▶ **Information shown**
+++++
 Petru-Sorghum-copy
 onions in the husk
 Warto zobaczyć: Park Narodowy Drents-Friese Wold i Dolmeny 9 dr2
+++++
▶ **Work item**
Everything in the data above is to be given again, unchanged.

▶ **Written response**
 Petru-Sorghum-copy
 onions in the husk
 Warto zobaczyć: Park Narodowy Drents-Friese Wold i Dolmeny 9 dr2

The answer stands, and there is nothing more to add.